Immature Bald Eagle2

I'm going to qualify the statement that titles this entry by saying that I've not yet had an opportunity to participate in an eagle count at Lake O' the Pines, although I've watched them here for several years.  I always have an eye peeled and my camera ready when we go on the lake, and while there are so many interesting life forms to see, there is no doubt that the bald eagle is one of the most impressive.  I believe our fascination may be two-pronged; not only is the eagle our national emblem, but this bird has only been off the endangered species list since 2007!

We've seen an abundance of young birds this year; they are more difficult to identify because they do not sport the white (bald) head, but their brown feathers are marbled with white.  At a closer look, though, there is no mistaking the distinctive hooked beak, large head, and a way of soaring with broad wings out flat just like a board!  We've watched them enough to notice a playful and energetic quality among the younger birds, and it is fascinating to see!

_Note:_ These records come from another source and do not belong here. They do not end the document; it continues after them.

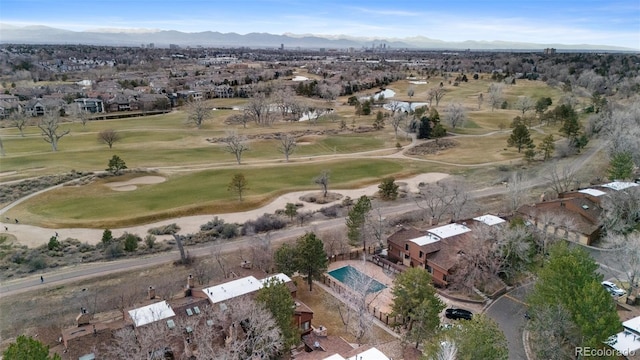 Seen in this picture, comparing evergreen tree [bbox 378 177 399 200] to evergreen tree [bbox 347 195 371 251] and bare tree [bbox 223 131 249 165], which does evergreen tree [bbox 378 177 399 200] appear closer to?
evergreen tree [bbox 347 195 371 251]

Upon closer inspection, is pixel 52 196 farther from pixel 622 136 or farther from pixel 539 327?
pixel 622 136

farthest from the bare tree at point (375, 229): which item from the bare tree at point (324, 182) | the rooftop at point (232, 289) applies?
the rooftop at point (232, 289)

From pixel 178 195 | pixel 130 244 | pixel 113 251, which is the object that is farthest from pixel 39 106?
pixel 130 244

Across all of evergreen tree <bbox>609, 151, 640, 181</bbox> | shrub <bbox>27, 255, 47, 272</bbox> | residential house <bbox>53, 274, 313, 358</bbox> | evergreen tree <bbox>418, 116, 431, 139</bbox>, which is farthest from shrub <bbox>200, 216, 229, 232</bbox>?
evergreen tree <bbox>418, 116, 431, 139</bbox>

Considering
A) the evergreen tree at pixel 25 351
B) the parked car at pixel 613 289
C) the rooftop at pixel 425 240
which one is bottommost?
the parked car at pixel 613 289

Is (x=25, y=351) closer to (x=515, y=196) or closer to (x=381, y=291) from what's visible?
(x=381, y=291)

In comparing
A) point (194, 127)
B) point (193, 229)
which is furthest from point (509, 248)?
point (194, 127)

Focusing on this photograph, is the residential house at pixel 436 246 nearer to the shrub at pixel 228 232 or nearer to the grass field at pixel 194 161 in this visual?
the shrub at pixel 228 232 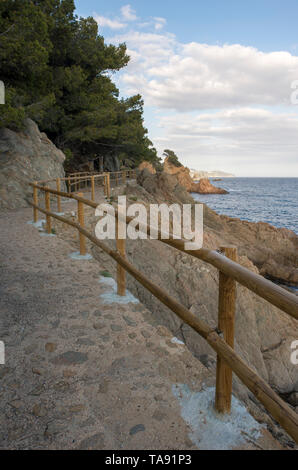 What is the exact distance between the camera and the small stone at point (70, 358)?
112 inches

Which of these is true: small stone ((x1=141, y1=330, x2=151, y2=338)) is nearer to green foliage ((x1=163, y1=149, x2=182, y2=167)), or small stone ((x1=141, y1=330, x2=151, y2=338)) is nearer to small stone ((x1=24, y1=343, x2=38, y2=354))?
small stone ((x1=24, y1=343, x2=38, y2=354))

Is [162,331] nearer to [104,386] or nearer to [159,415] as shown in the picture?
[104,386]

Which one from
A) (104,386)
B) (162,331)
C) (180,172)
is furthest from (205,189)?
(104,386)

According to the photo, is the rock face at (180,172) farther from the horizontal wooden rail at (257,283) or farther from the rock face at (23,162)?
the horizontal wooden rail at (257,283)

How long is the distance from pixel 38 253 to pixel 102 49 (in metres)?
17.9

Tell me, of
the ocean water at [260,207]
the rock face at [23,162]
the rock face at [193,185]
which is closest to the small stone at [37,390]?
the rock face at [23,162]

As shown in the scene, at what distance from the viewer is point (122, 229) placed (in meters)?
4.20

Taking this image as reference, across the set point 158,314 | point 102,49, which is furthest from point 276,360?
point 102,49

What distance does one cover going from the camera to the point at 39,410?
2.27 meters

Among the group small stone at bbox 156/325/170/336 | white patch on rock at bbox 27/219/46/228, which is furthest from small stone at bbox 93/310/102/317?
white patch on rock at bbox 27/219/46/228

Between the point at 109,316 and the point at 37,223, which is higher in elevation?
the point at 37,223

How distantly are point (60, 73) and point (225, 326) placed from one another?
18.6 meters

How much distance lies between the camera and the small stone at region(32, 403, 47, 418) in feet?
7.32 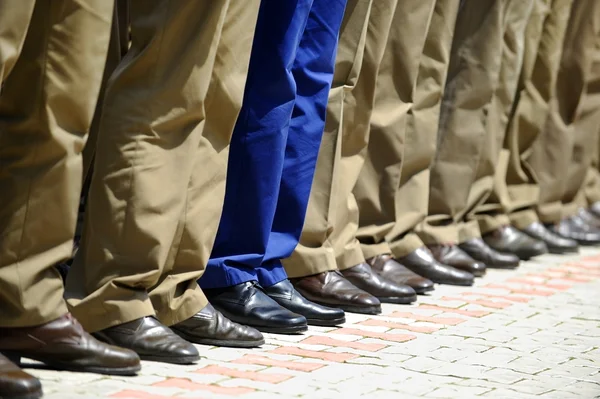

I've taken so many photos this year that I felt it necessary to do some research.  According to eBird, the terms "juvenile" and "immature" are often used interchangeably, but there is a difference.  A juvenile is a very young bird that is still wearing the set of feathers it fledged with.  As soon as it goes through its first molt, it's considered an immature until it reaches breeding maturity, which is at about four to five years of age.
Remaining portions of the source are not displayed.